Other contemporary gaming systems — the Nintendo Wii, the Sony Move, the Microsoft Kinect — make similar use of analog control mechanisms in order to erase the gap between the physical and the imaginative form of the expressive act. For example, in Kinect Sports (2010), the player plays table tennis using his or her hand as a paddle, or throws a javelin by making the appropriate arm motion. However, the DS differs from these three platforms in that it requires physical contact with a two-dimensional control surface. Using the Wii, Kinect or Move entails making gestures in the air, whether with a control device or without. Using the DS entails making inscriptions on a surface. This makes the DS uniquely appropriate for the simulation of physical acts that involve engagement between a hand-held tool and a flat surface — and the principal example of such an act is writing. The DS is thus particularly well suited to the simulation of handwriting and the promulgation of fantasies of handwriting, and the two games I will analyze in depth both employ the DS for this purpose. Again, these games can be differentiated from games on other platforms that employ interfaces that mimic handwriting. Perhaps the most notable example of such a game is Ōkami (Clover Studio, 2006), a PlayStation 2 game, later ported to the Wii, in which the player can transform the three-dimensionally rendered gameworld in various ways by writing on it with a “Celestial Brush.” Ōkami, however, is controlled with an analog thumbstick (or later the Wiimote) rather than a true handwriting interface, and thus the player of Ōkami simulates handwriting by performing an act which only loosely resembles the actual act of handwriting. The difference between the Celestial Brush and a real ink brush is obvious — much more obvious than the difference between the DS stylus and an actual pen or pencil.
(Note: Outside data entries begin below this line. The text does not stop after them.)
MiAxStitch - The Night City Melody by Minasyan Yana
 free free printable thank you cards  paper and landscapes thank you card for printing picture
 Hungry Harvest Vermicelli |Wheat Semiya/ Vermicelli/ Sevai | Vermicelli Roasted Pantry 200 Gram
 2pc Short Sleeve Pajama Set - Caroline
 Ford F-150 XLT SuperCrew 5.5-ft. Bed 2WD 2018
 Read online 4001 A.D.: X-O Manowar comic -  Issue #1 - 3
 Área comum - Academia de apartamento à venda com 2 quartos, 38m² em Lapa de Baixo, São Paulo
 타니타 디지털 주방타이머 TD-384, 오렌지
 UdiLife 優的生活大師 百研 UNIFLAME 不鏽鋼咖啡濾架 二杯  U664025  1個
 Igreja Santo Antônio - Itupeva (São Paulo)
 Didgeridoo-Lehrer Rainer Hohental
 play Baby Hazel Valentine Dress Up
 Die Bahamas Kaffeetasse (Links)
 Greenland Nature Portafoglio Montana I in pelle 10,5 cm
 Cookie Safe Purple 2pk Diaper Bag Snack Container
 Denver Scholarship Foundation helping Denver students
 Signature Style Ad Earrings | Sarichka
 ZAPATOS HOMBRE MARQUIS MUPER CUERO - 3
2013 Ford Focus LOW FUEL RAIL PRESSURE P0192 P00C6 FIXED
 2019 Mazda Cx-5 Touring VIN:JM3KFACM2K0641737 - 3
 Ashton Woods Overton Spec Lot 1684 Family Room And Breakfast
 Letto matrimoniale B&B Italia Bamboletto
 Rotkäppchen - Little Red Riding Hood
Using the DS stylus feels like handwriting. This perception is reinforced by the material qualities of the system itself, which is about the size and shape of a small paperback volume. Some games (e.g. Hotel Dusk: Room 215 [2007]) even ask the player to hold the DS sideways, so that the player feels he or she is holding a small datebook or planner in one hand, and writing in it with the other. It's because of the close perceptual similarity between DS writing and handwriting that the DS represents such a crucial test case for fantasies of handwriting. Does the DS merely create a dishonest simulacrum of handwriting, or can the DS open up a space for critical reflection on what handwriting means? My two case studies will address this question.

Scribblenauts

One of the most heavily hyped DS games of 2009, Scribblenauts revolves around a premise which is brilliant in its simplicity. When the player writes the name of any object, within certain limits, that object is created. In other words, if the player writes anything from “scissors” to “sewing machine” to “Cthulhu” (using either an onscreen keypad or a handwriting interface), that object appears in the gameworld. The player can then move it around with the stylus, and it can interact with other objects and with the player character. This simple premise creates the possibility of an arbitrarily large number of object interactions and puzzle solutions. Scribblenauts's lexicon includes tens of thousands of words, so any common object the player can think of is quite likely to be included, creating the impression that the player's freedom of action is limited less by the game's lexicon than by his or her imagination and vocabulary.
Figure 2. 
Cover of Scribblenauts.
Scribblenauts presents this gaming mechanic as a remediation of handwriting. To “scribble” is to “write in an irregular, slovenly, or illegible hand through haste or carelessness; also, to produce (marks, a drawing, etc.) or portray (an object) by rapid and irregular strokes like those of hurried writing”  [OED 1989]. Although “scribbling” may pertain to content as well as penmanship, the word has strong associations with handwriting. A scribblenaut, then, is one who writes quickly and playfully, by hand, as a means of exploration — or, by analogy with “astronaut,” one who explores the realm of scribbles. On the game's cover, we see the avatar, Maxwell, writing with a pencil. The logo looks handwritten (the two B's look significantly different) and the slogan is set in the Comic Sans font, which mimics the stereotypical handwriting of comic book letterers. In the game, the visual motif of wide-ruled notebook paper, which appears on the handwriting interface screen, alludes to elementary school handwriting exercises. Scribblenauts thus connects handwriting with childhood, and thus promises to return the player to an idyllic former state when handwriting represented a new way of expressing oneself both visually and linguistically. The DS itself is often denigrated as a system for children, perhaps due to this very association of handwriting with childhood as well as to its large library of educational software. Scribblenauts seems to accept this characterization and to turn it into something positive, as indicated by one artistic response to the game [Munroe 2009]:
Figure 3. 
Scribblenauts, from Randall Munroe's webcomic “xkcd”.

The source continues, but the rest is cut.